The Gripe Line: On the Net, Free Isn't Always Free

SAN MATEO (06/12/2000) - We've said it before, but it bears repeating: On the Internet, you should not believe anything is really "free" until you read all the fine print. And even then you'll need to re-read it all frequently to make sure that what you thought was free is still free.

The latest example of this comes from readers who were among the first to sign up with FreeDSL.com, a broadband service provided by Winfire Inc. (formerly known as Broadband Digital Group). FreeDSL, they discovered, is not really free. In fact, it might turn out to be quite expensive.

One reader started getting suspicious when he was required to give his credit card number even though he had earned a free DSL modem by referring 10 other customers to FreeDSL. "So why do they need my credit card info for a totally free service?" he wrote. "They say [it's because] I could be liable for a $400 fee -- $200 if I cancel the service and $200 if I don't return their 'free' modem when I stop using the service. I thought that 'earning a free DSL modem' meant it was mine to keep rather than a loan."

Not surprisingly, considering that it's buried 8,320 words deep into a 9,348-word document, this reader and others had missed the part in FreeDSL's terms of service (TOS) where it says there's a $200 cancellation fee for terminating the service before the user's 13-month commitment ends. The TOS document also says that customers must return the "free" (even Winfire's lawyers put quotation marks around the word) modem within 10 days of discontinuing the service.

FreeDSL customers who weren't expecting "free" modems were also finding that the service didn't work as they were led to believe. "I was one of the first 100,000 to sign up on the first day and downloaded their ad banner software," wrote another reader who already had a DSL modem that appeared to be compatible with FreeDSL's requirements. "There was absolutely no mention of having to buy/change to another type of modem. After several months the e-mail came that they were ready to start the hookup process and please send them $200-plus to buy [an Efficient Speedstream] modem.

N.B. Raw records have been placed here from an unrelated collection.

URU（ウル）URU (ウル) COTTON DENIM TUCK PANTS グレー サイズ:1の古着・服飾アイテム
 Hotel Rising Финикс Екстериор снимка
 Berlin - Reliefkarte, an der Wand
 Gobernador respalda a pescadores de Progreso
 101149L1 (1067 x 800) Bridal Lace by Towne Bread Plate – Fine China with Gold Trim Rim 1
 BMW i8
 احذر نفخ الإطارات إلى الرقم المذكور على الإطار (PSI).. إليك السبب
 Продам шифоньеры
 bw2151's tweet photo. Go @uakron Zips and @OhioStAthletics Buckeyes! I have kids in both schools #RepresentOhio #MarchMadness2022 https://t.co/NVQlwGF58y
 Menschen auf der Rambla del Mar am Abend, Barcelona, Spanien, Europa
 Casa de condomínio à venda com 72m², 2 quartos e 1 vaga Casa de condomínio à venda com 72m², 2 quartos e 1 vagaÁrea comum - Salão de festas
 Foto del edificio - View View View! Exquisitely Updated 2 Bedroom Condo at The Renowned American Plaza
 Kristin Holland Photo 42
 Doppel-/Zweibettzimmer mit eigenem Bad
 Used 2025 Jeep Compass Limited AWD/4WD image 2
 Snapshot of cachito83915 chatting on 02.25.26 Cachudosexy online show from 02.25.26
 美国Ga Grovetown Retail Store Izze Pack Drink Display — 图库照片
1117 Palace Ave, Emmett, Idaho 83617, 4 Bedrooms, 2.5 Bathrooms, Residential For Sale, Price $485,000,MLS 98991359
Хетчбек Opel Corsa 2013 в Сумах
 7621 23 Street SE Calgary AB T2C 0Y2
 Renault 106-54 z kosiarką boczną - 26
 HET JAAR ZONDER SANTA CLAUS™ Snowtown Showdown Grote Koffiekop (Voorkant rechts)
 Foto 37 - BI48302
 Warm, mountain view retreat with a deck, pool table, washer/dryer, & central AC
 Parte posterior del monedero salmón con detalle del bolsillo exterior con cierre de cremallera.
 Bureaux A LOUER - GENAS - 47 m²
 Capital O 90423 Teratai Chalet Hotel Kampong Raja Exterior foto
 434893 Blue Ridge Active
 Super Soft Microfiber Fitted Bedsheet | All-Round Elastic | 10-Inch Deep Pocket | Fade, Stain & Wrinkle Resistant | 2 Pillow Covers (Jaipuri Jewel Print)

So I send off an e-mail to FreeDSL explaining that I didn't need their modem since I had one that would work.

Can't do that, they say. It seems that you must buy or lease their modem or no hookup! This [in my humble opinion] negates the 'Free' part of their moniker ..."

Winfire officials have some very reasonable explanations for these assorted $200 fees FreeDSL users might have to pay. According to Grant Johnson, vice president of marketing at Winfire, the company has to charge an early cancellation fee to cover the costs it will incur with the customer's local exchange carrier. "We have our own backbone, but like all DSL providers, we must go through the carrier in the customer's area to activate a line," Johnson says. "We pay the service initiation fee, but should the customer cancel the line prior to 13 months, we also have to pay a cancellation. So we are just passing our costs on to customers who cancel before their commitment is up."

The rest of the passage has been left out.